Teen retailer Abercrombie & Fitch’s (NYSE: ANF) CEO is no stranger to making headlines. His often controversial comments certainly haven’t helped his image. But the departure of the long-time Abercrombie CEO probably has more to do with the company’s 11 straight quarters of declining same-store sales.
News broke yesterday that Mike Jeffries, Abercrombie’s CEO since 1992, would be retiring immediately. How did the market react? Shares rose 8% on the news, an especially strong move considering the current weakness in the broader markets.
Jeffries became the Abercrombie CEO in 1992 when sales were dismal. Within his first two years sales grew by nearly 100% to $165 million. Sales topped $1 billion just five years later.
But times have changed for the brand once associated with the “popular kids” in schools across America.
2014 hasn’t been kind to Abercrombie. For that matter, neither were the two years prior.

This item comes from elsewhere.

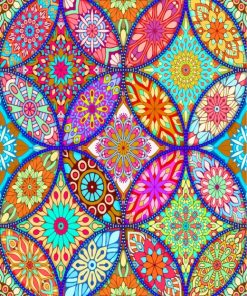 Colorful Mandala Patterns Paint By Numbers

Even with the 8% surge yesterday, the stock is down 14% year-to-date and over 37% since the end of August. The company reported a 12% decline in the quarter that ended on Nov. 1, likely the final straw for the Abercrombie CEO.

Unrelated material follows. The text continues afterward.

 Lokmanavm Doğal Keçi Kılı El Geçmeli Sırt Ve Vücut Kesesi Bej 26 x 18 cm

To be fair, however, the dismal results don’t appear to be Jeffries’ fault alone.
Teen shopping trends are moving against the fashion retailers that cater to them. Mall traffic by teens has dropped by as much as 30% according to Piper Jaffray. As illustrated in the chart below, mall retailers such as American Eagle (NYSE: AEO) and Aeropostale (NYSE: ARO) have suffered a similar fate.

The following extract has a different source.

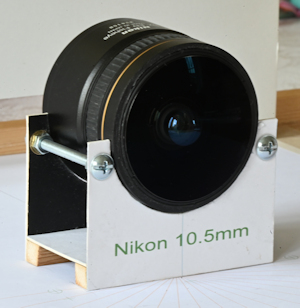 Determination of the No Parallax Point or Nodal Point of a Lens Using a Laser - Nikon 10.5mm Lens Cradle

Though Jeffries is “retiring,” it hardly feels like it’s his choice. Until last year Jeffries had been CEO and chairman. Facing pressure from disgruntled investors, the board stripped Jeffries of his role as chairman. And considering that his departure as the Abercrombie CEO is “effective immediately,” it sure feels like he has been stripped of his CEO role as well.
Some analysts question Abercrombie’s ability to recover.
Eric Beder from Wunderlich Securities notes that “Abercrombie has already aggressively closed domestic locations, cut back on inventories, shifted away from logo products, and cut costs.”
Continuing these efforts appears to be part of the company’s latest rebranding efforts, along with reducing the amount of cologne sprayed in its stores, lowering the volume of the music and raising the amount of light on the retail floor.
I can’t help but feel like it is too little, too late for Abercrombie.
Teen purchasing behavior has changed considerably in the last few years. Between spending on the latest technology gadgets and restaurants, teens are now spending less and less on clothing.
Piper Jaffray reports that, for the first time in history, teens are spending as much on food as they are on clothing. The leading food retailer among the age group? None other than Starbucks (Nasdaq: SBUX).
Abercrombie’s struggles certainly can’t all be blamed on shifting teen purchase behavior. Indeed, other retailers have been thriving in recent years.
With their fast fashion and inexpensive offerings, retailers like Forever 21 and H&M have been stealing customers from the prominent brands with which they compete.
Abercrombie’s struggles certainly can’t all be blamed on its outgoing CEO. But the now-former Abercrombie CEO clearly wasn’t the right person to turn the company around. If he was, he would’ve already been successful in these efforts.
Time will tell whether the teens that Abercrombie, American Eagle and Aeropostale need will return to America’s shopping malls and again don these brands proudly. But I doubt it. I think the Abercrombie CEO’s departure is yet another chapter in the slow and painful death of this once-popular brand.